Short web captions:
:::::
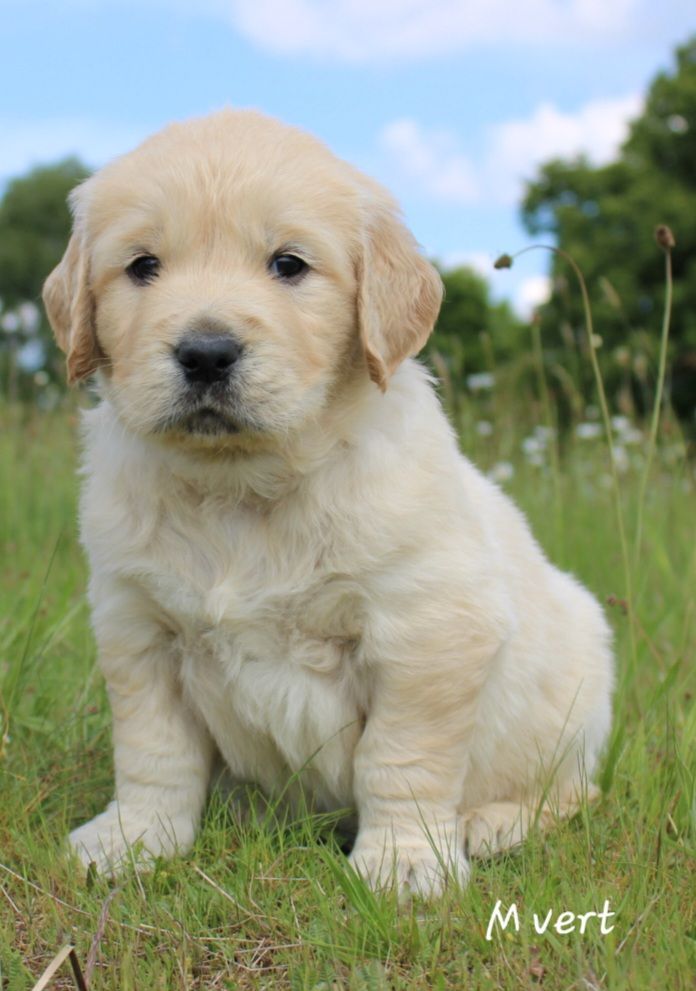 De La Colline D'Eole - Chiots disponibles - Golden Retriever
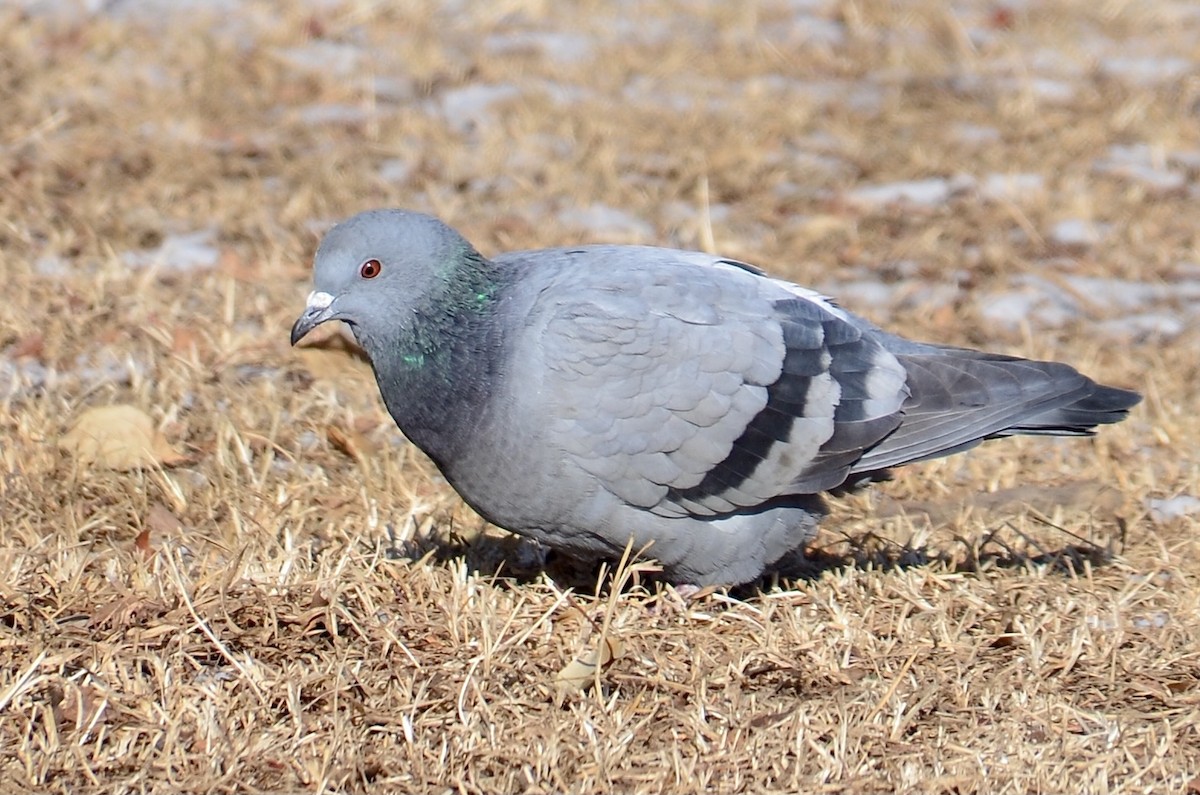 Rock Pigeon (Feral Pigeon) - Jugdernamjil Nergui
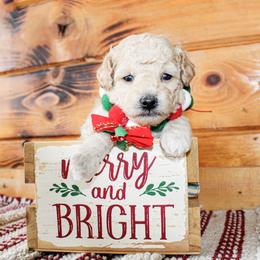 Jasper - Cream male Poodle puppy in Hugo, Oklahoma from Ann R.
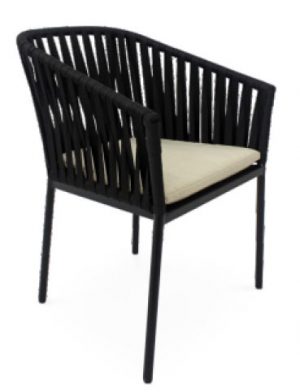 Shanum Chair furniture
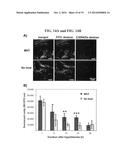 GOLD-IN-SILICON NANOASSEMBLY FOR THERMAL THERAPY AND METHODS OF USE diagram and image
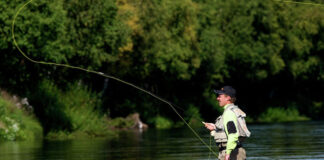 sprzęt do metody muchowej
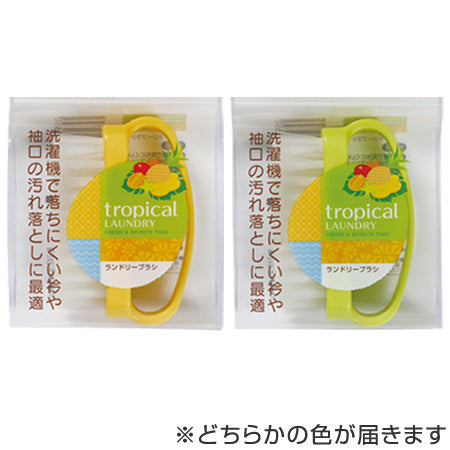 洗濯ブラシ　tropical　LAUNDRY　ランドリーブラシ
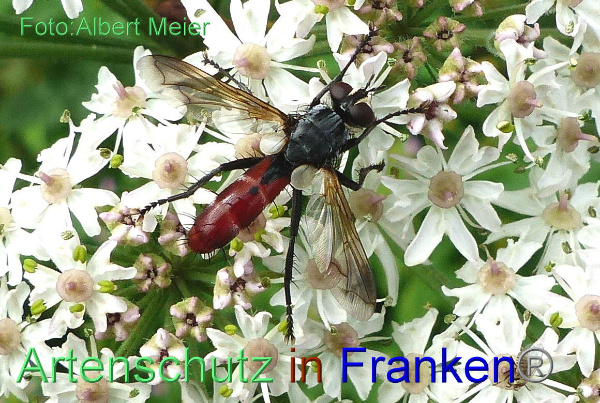 Copyright AiF - Albert Meier Bild zum Eintrag (1108741-160)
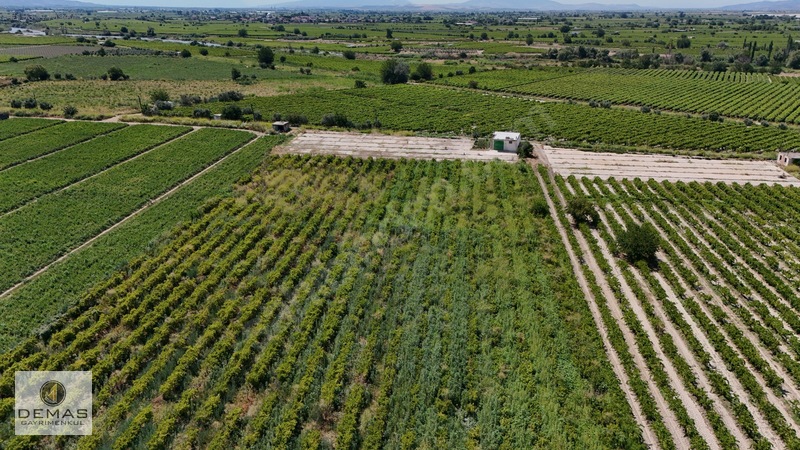 Salihli Çavlu'da 24.100 M² Bağ Evli, Sondajlı Satılık Üzüm Bağı — fotoğraf 8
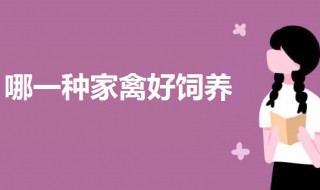 哪一种家禽好饲养 可以饲养这两个种类的
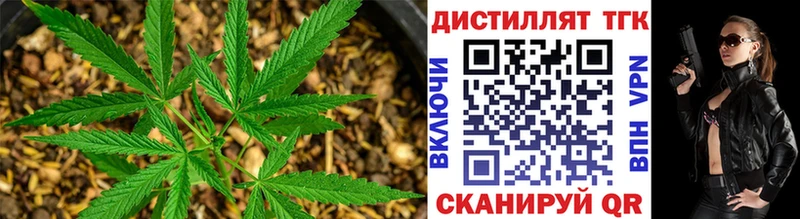 как найти закладки  Злынка  Дистиллят ТГК концентрат 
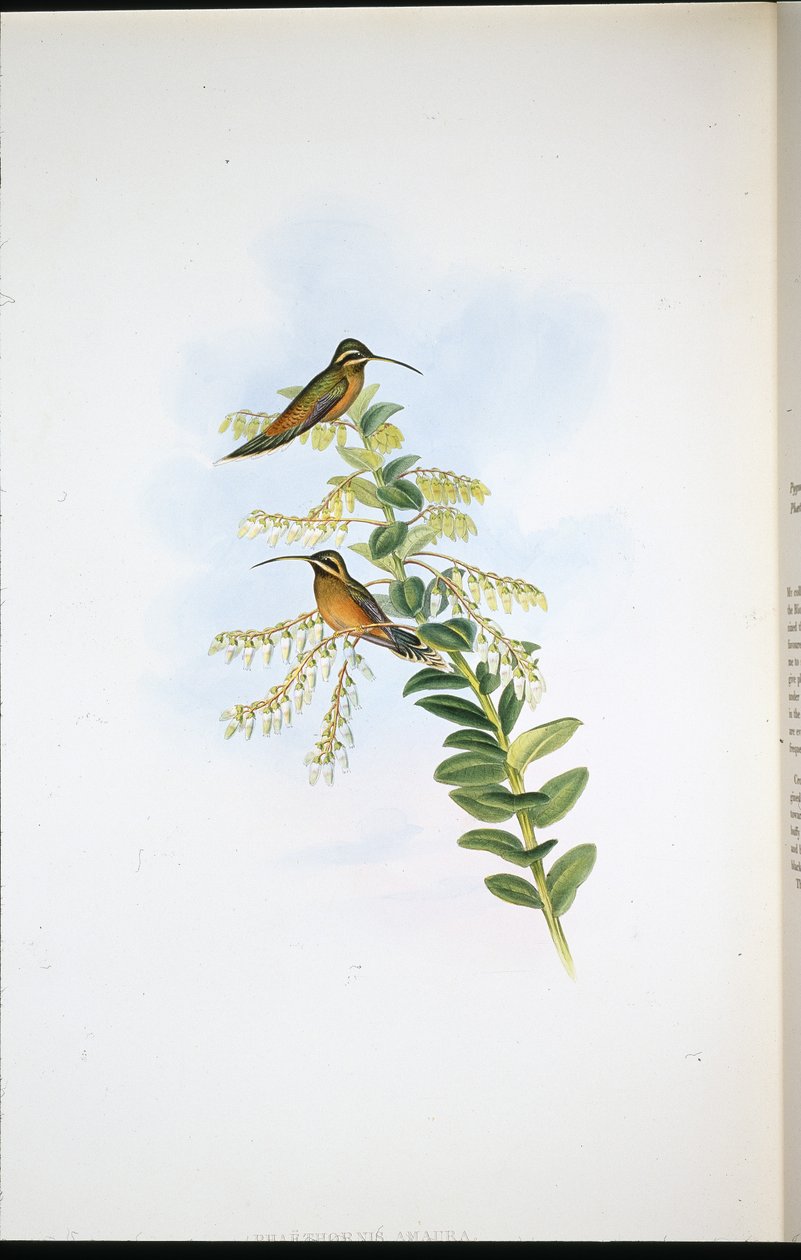 Amaura Hermit (Phaethornis Amaura) (ليثو ملون يدويًا) بواسطة جون (بعد) جولد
:::::
Your goal: Output the whole of the data, unchanged; keep the pictures out.

Task output:
 De La Colline D'Eole - Chiots disponibles - Golden Retriever
 Rock Pigeon (Feral Pigeon) - Jugdernamjil Nergui
 Jasper - Cream male Poodle puppy in Hugo, Oklahoma from Ann R.
 Shanum Chair furniture
 GOLD-IN-SILICON NANOASSEMBLY FOR THERMAL THERAPY AND METHODS OF USE diagram and image
 sprzęt do metody muchowej
 洗濯ブラシ　tropical　LAUNDRY　ランドリーブラシ
 Copyright AiF - Albert Meier Bild zum Eintrag (1108741-160)
 Salihli Çavlu'da 24.100 M² Bağ Evli, Sondajlı Satılık Üzüm Bağı — fotoğraf 8
 哪一种家禽好饲养 可以饲养这两个种类的
 как найти закладки  Злынка  Дистиллят ТГК концентрат 
 Amaura Hermit (Phaethornis Amaura) (ليثو ملون يدويًا) بواسطة جون (بعد) جولد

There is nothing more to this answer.